Dr. Alessandra Renzi is Associate Professor, Communication Studies at Concordia University. Dr. Renzi’s interdisciplinary work explores the linkages and relays between media, art and civic engagement through community-led research, ethnographic studies and media projects. She has studied pirate television networks in Italy, the surveillance of social movements in Canada after 9-11 and housing and data justice in Indonesia. Her current research investigates how society’s increasing reliance on platforms, algorithms and AI is changing urban landscapes and community organizing alike. She is the PI of a Social Sciences and Humanities Research Council (SSHRC) Insight Grant titled "On the Margins of the Platform Economy: Community-led Responses to Technical Gentrification," with focus on Montreal's Parc Extension neighbourhood.

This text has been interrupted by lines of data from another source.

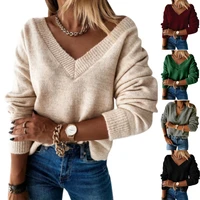 loose comfortable solid women v neck long sleeve cable knit jumper winter warmer pullover sweatshirt
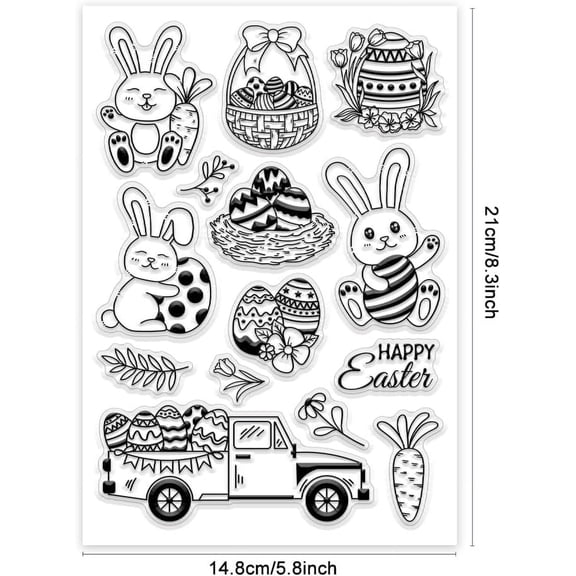 1pc PVC Plastic Clear Stamps for Scrapbooking Photo Album Decorative Cards Making Rabbit 210x148mm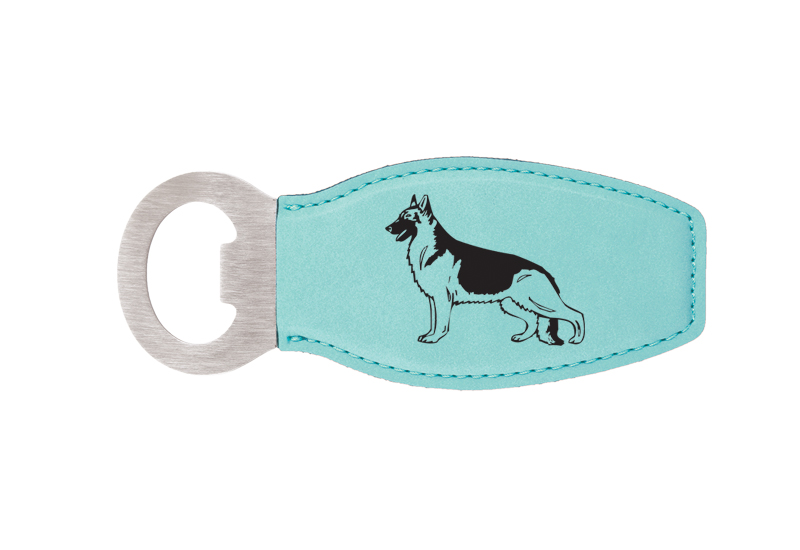 Personalized leatherette bottle opener with the dog design 1 and custom engraved text of your choice. Dog Design Bottle Opener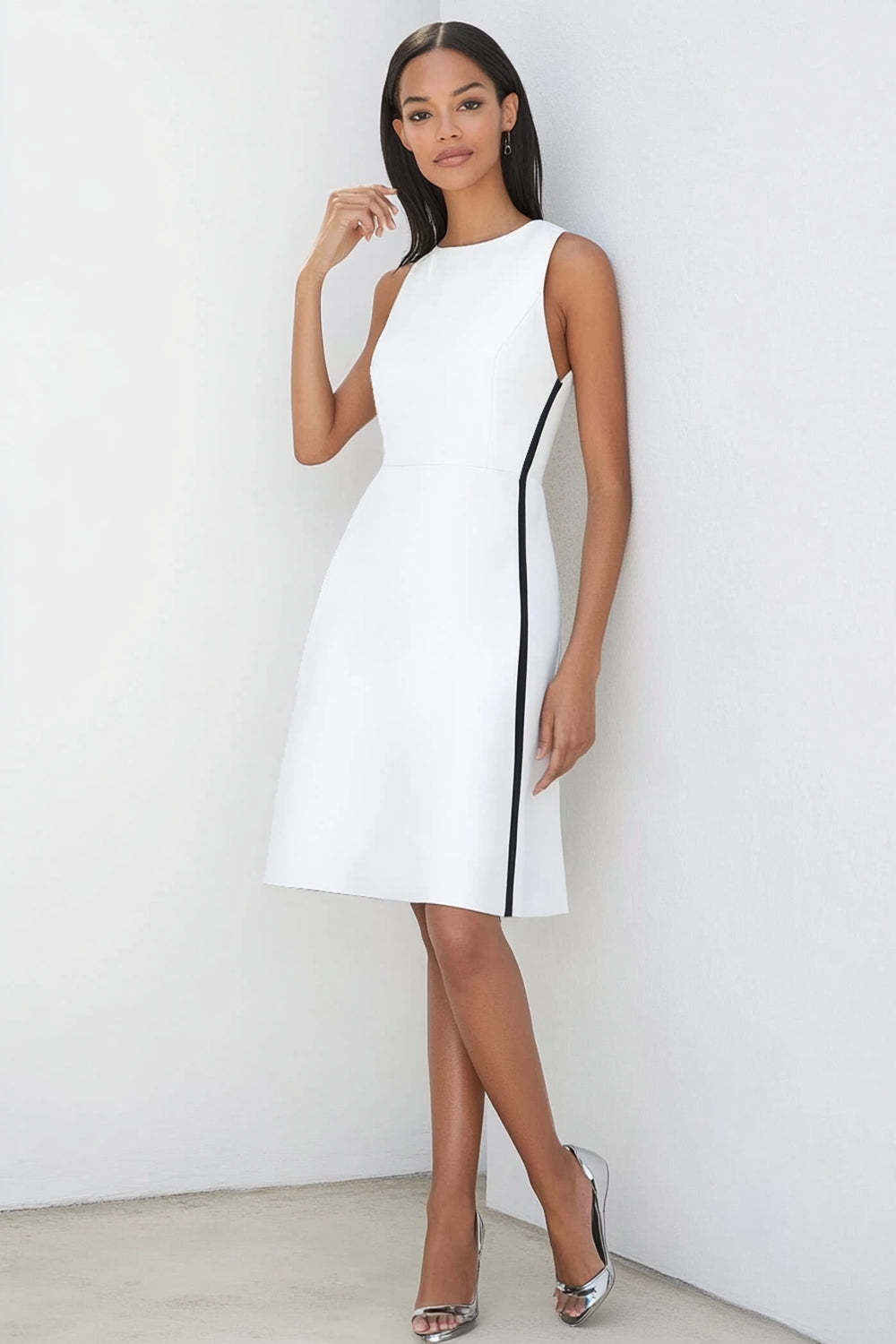 Leely Women Black White A Line Short Semi Formal Dress Satin Round Neck Knee-Length Work Dress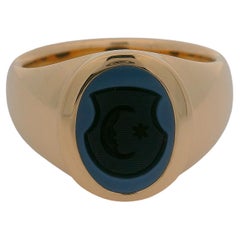 Bague de signalisation ovale, or rose 18 carats  Niccolo onyx 12,0 x 9,0 mm avec gravure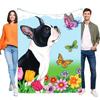 Colorful Cartoon Boston Terrier Blanket with Vibrant Flowers and Butterflies, Soft Plush Throw for Kids and Adults, Perfect for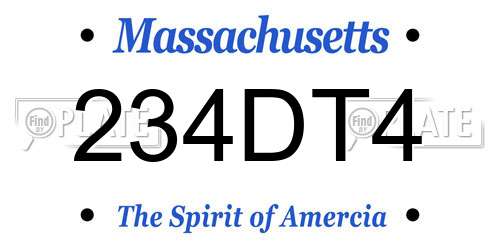 234DT4 Massachusetts License Plate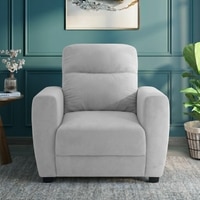 Alvaro Velvet 1 Seater Sofa Grey Color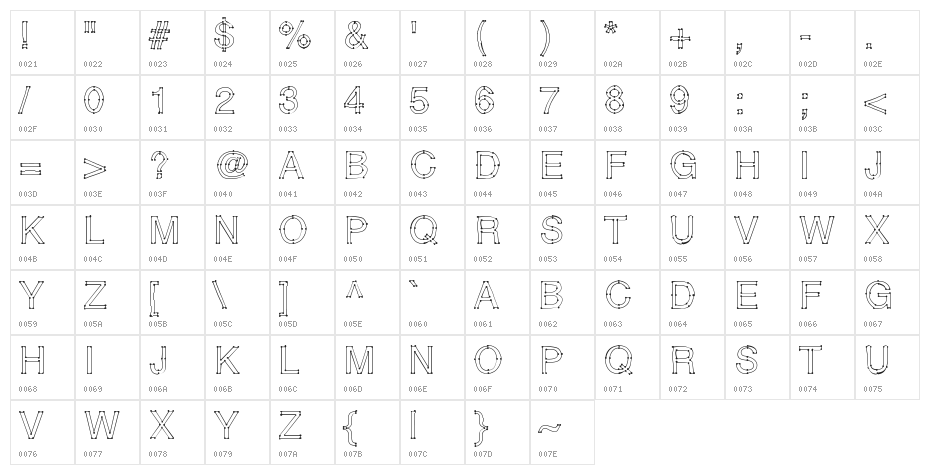 RELIERLESPOINTS Character Map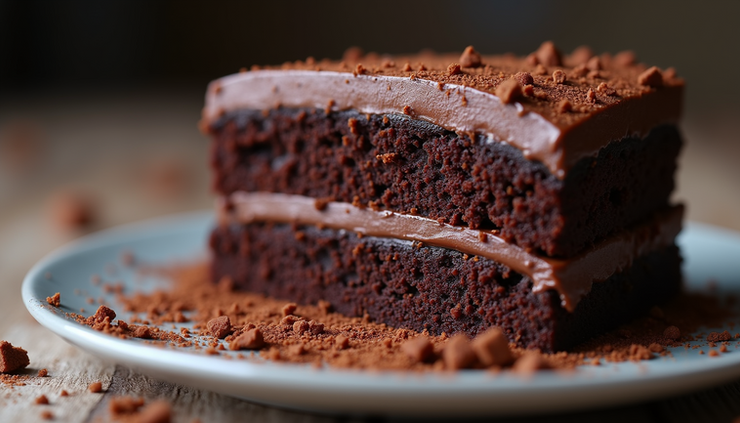 Vista a livello occhi di una fetta di torta al cioccolato con glassa lucida e briciole croccanti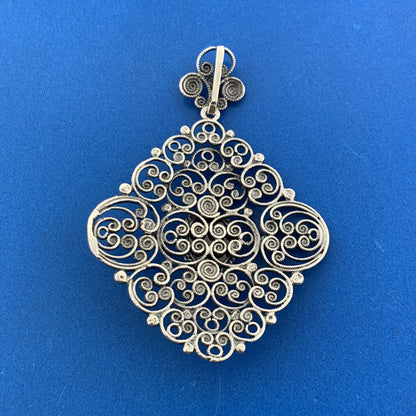 Designer Austria Sterling Silver Garnet Filigree Beaded Scroll Statement Pendant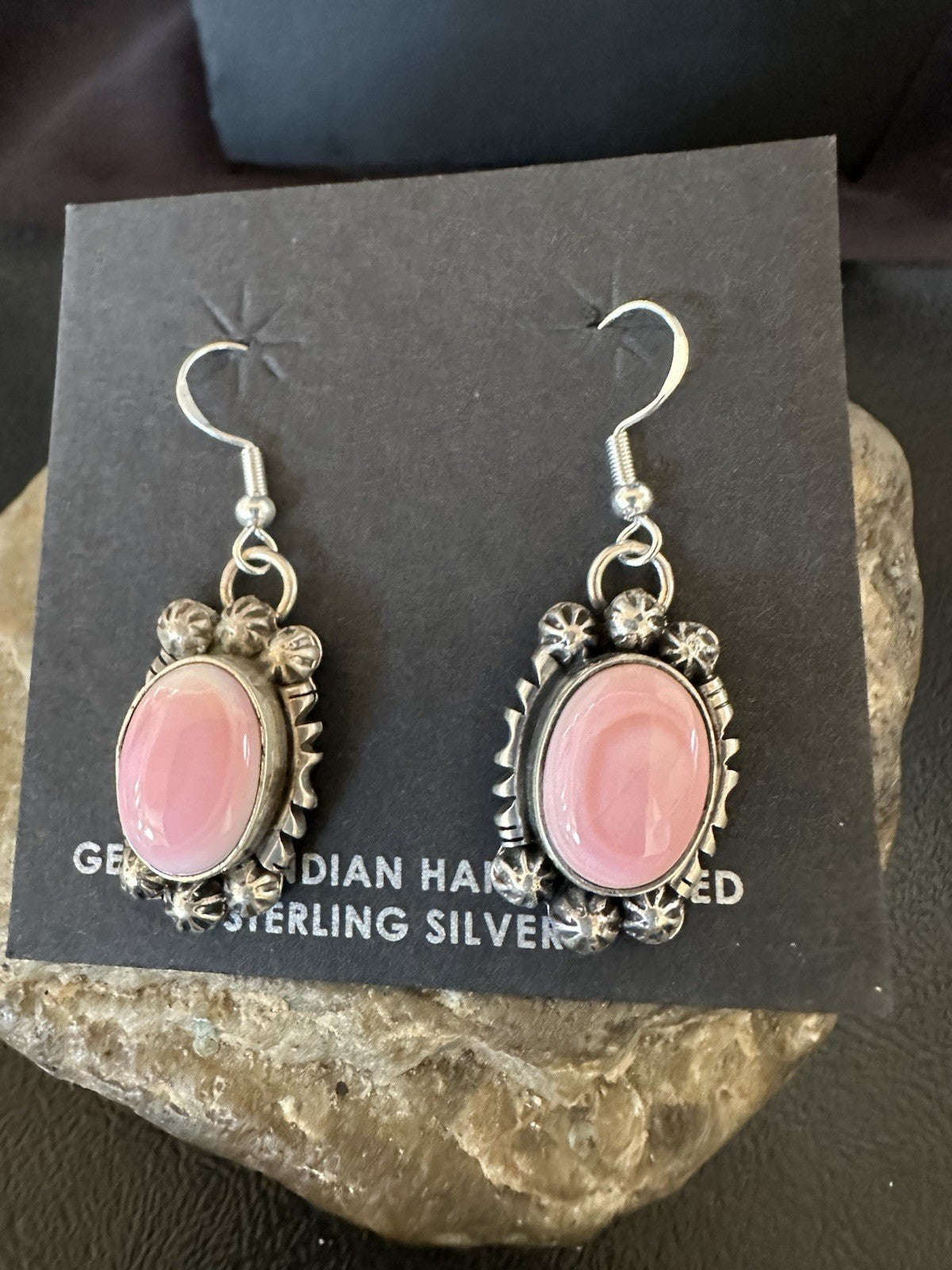 Handmade Pink Queen Conch Sterling Silver Navajo Dangle Earrings Yazzie 19535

Jenn Riley is Associate Dean, Digital Initiatives in the McGill University Library, in Montréal, Québec. She is a digital librarian, collaborator, inquirer, learner, and analyst. Her former positions include being Head of Carolina Digital Library and Archives, University of North Carolina at Chapel Hill; Metadata Librarian for the Digital Library Program of Indiana University Libraries; and Digital Media Specialist for the Digital Library Program of Indiana University Libraries. The Digital Initiatives workshop will focus on open access scholarship and open data.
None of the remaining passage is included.